Individuals frequently can chose to not use a car, of course. Still, it's not realistic for everyone or all the time, especially in a society built for automobile use.

> by the time people are confronted with the health impacts of cars, agriculture subsidies, for-profit healthcare, etc. it is likely that drugs will be necessary

My point is that there are other treatments for illness. I doubt it's a coincidence that this patentable technology is so relied on in a hyper-capitalist society; other countries with better health outcomes use far fewer pills, iirc. Who will fund the large-scale study that says a valuable pill is unnecessary?



> Individuals frequently can chose to not use a car, of course

To some extent, yes, but my point was that it’s not realistic for many people because we treat walkable neighborhoods like luxuries. If you wake up in your 40s with a bad back and cardio problems because you live in a suburb and drive everywhere, you can’t roll back the clock and build sidewalks, legalize density, or run decent transit and on average don’t have the money to move somewhere dramatically better.

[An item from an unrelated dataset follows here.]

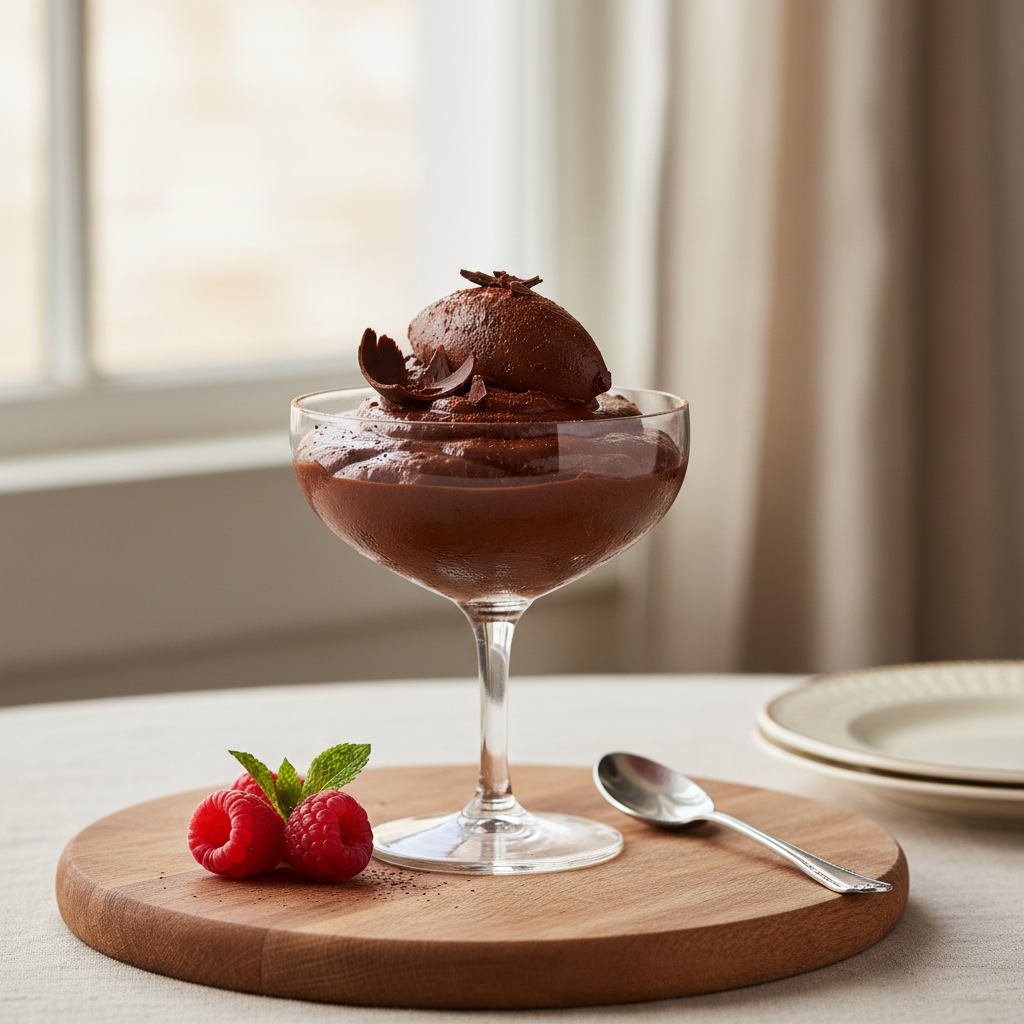 Photo de Recette de mousse au chocolat noir onctueuse façon bistrot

I think a growing number of people, especially younger ones, realize this is unsustainable but it took generations to get here and it’ll take a while to change trajectories, too. If gas prices had stayed high in the seventies that might have gone differently but a huge percentage of American neighborhoods are designed to minimize physical activity and that’s often enforced by law.


That's what I meant by, it's not realistic for everyone and everywhere.

> I think a growing number of people, especially younger ones, realize this is unsustainable but it took generations to get here and it’ll take a while to change trajectories, too.

Urbanist movements, including walkable communities, are much older than this younger generation. I think within a certain segment - well-educated upper middle class, maybe - it's long had influence.

I think they need to bring those ideas to other segments of society, which they have a hard time doing.


I definitely don’t think that it’s new to the current young generation but I am optimistic that they might have enough political clout to actually make progress. My neighborhood narrowly avoided becoming a highway in the 60s so we have some older folks who have been fighting car culture since before I was born, but there were a lot of people who didn’t really care because it was more affordable in the past, but their kids are a lot more motivated because it’s so financially non-viable now.

In the United States, the other big factor was recognizing how much it wasn’t just car culture but racism driving things. Despite the current moment, I get the impression that a lot of people are more aware of how much avoiding sidewalks and transit was driven by racism and just hurt everyone.